Verslag vergadering Commissie voor Economie, Werk, Sociale Economie, Wetenschap en Innovatie
Verslag
– Een aantal sprekers nemen mogelijk deel via videoconferentie.
De heer Ronse heeft het woord.
Ja, dit is eigenlijk niet zo’n leuk thema. We zijn allemaal serieus verschoten van het rapport van het Rekenhof in verband met het tenderbeleid van de Vlaamse Dienst voor Arbeidsbemiddeling en Beroepsopleiding (VDAB). Dat riep toch heel wat vragen op. We hebben voor een aantal zaken antwoorden gekregen tijdens de gedachtewisseling die we daarover hebben georganiseerd, maar er zijn toch nog een aantal vragen die, wat mij betreft, open blijven.
Ik wil van de gelegenheid gebruikmaken om u hier een aantal openstaande vragen te stellen, minister.
Het Rekenhof stelde onder meer vast dat VDAB vaak ad hoc beslist om opdrachten uit te besteden zonder inzicht in de factoren die tot succes leiden. Partners werden op een verschillende basis vergoed. En het meest problematisch is volgens mij dat aanbestedingsregels niet altijd werden gevolgd of bepaalde informatie niet beschikbaar was.
De raad van bestuur van VDAB heeft op 9 juni 2021 zijn fameuze actieplan voor een beter uitbestedingsbeleid goedgekeurd. Dat is ons ook toegelicht.

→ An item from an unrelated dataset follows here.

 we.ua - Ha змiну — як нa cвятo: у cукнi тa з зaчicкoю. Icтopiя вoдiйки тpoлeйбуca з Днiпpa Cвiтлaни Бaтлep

Minister, wat is de stand van zaken van het actieplan van de raad van bestuur van VDAB om het uitbestedingsbeleid te verbeteren? Welke stappen werden al ondernomen en wat zijn de concrete resultaten daarvan? Wat zijn de prioriteiten voor de komende maanden?
Heeft VDAB op dit moment een overzicht van alle tenderopdrachten waarbij de aanbestedingsregels niet werden gevolgd? Wat zal daarmee gebeuren? Zijn er op vandaag nog tenderopdrachten lopende die, als ik dat zo mag uitdrukken, niet wettelijk zijn? Ik heb het dan over overeenkomsten waarbij de aanbestedingsregels niet correct werden gevolgd. Zo ja, kan ik daar een lijst van krijgen?
Minister Crevits heeft het woord.
Collega Ronse, het is zeer goed dat u vanuit dit Vlaams Parlement mee de vinger aan de pols houdt bij het bekijken van de opvolging van de aanbevelingen van het Rekenhof. We zijn ondertussen negen maanden verder en intussen heeft VDAB toch al wat stappen gezet om uitvoering te geven aan de vele aanbevelingen.
Het belangrijkste is dat VDAB een volwaardige, betrouwbare en transparante regisseur is van de arbeidsmarkt in Vlaanderen. Het actieplan is goedgekeurd door de raad van bestuur van VDAB in het derde kwartaal van 2021. Er werd een externe consultant aangesteld voor de opvolging van de uitvoering van het actieplan. Zijn opdracht bestaat erin op structurele basis te rapporteren over de vooruitgang van het actieplan aan de raad van bestuur en het directiecomité van VDAB. Zo werd op de raad van bestuur van gisteren nog een recente stand van zaken gegeven.
De eerste belangrijke mijlpaal in het opvolgingstraject van het actieplan was het opzetten van een nulmeting waarbij de maturiteit van elke actie op punt wordt gezet. Er zijn 23 acties die lopen tussen juli 2021 en eind 2024. Elke actie volgt daarbij een eigen tijdslijn.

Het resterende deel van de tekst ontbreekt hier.